Wie Stefan Dörner richtig feststellt, wäre es im Übrigen unfair, die Schuld für die unzureichende Klimaschutzpolitik nur bei der FDP abzuladen. Die präsentiert sich zwar offen als Verantwortliche, aber die SPD hat auch keinerlei Interesse an Klimaschutz. Stattdessen nimmt sie eine unrühmliche Rolle ein, indem sie, in den Worten Peter Unfrieds, "Lindner und Wissing instrumentalisiert". Auch die SPD hat schließlich enge Verbindungen zur reichlich subventionierten Kohleindustrie, liebt ihre Gaslieferanten und hat eine enge Beziehung zu niedersächsischen Autobauern, die den Verbindungen der CDU zu denen im Ländle und Bayern in nichts nachsteht.

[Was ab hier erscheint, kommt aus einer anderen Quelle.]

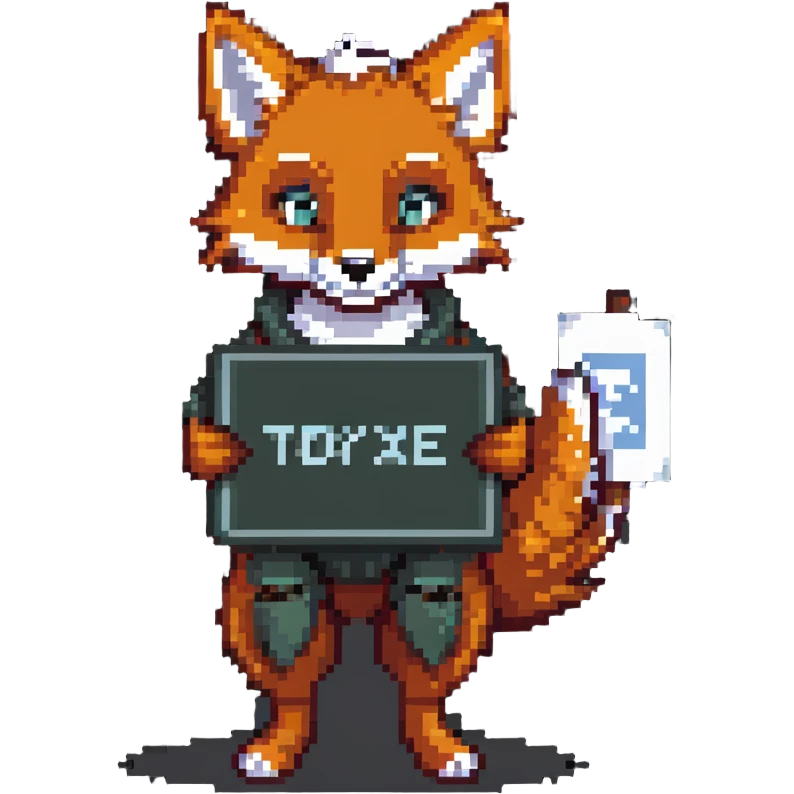 Fox holding a sign emoji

So entsteht eine Art informeller Deutschland-Koalition aus CDU, SPD und FDP gegen wirksame Klimaschutzmaßnahmen. Es ist eine Koalition des "dagegen", denn es ist nun nicht eben so, als wäre die SPD ein glühender Fan der CO2-Steuer - die, das muss man CDU und FDP ja zugutehalten, wenigstens intellektuell konsistent ist, wenngleich sie in der Praxis als Allheilmittel unrealistisch bleibt. Die SPD hat schlicht überhaupt keine Ideen, und Scholz macht hier seiner Selbstinszenierung als Merkel 2.0 alle Ehre, indem er einfach nur den Status Quo verwaltet und die Probleme wegzuadministrieren versucht. Das wird für ihn genauso wenig funktionieren wie für seine Amtsvorgängerin, aber vermutlich dürfen wir die Scherben dann auch in einem Jahrzehnt auflesen.

Der Kulturkrieg ums Auto und die Forderung nach Subventionen für eFuels offenbart daher wie auch neue Fahrradwege auf der Friedrichstraße in Berlin vor allem einmal mehr die Unernsthaftigkeit des Kampfs gegen die Klimakrise. Die Lage ist dramatisch, aber weder Rhetorik noch die ergriffenen Maßnahmen passen da auch nur im Ansatz dazu. Das Aufwachen wird so einmal mehr weiter nach hinten verschoben, was vor allem eines garantiert: dass es umso schmerzhafter wird.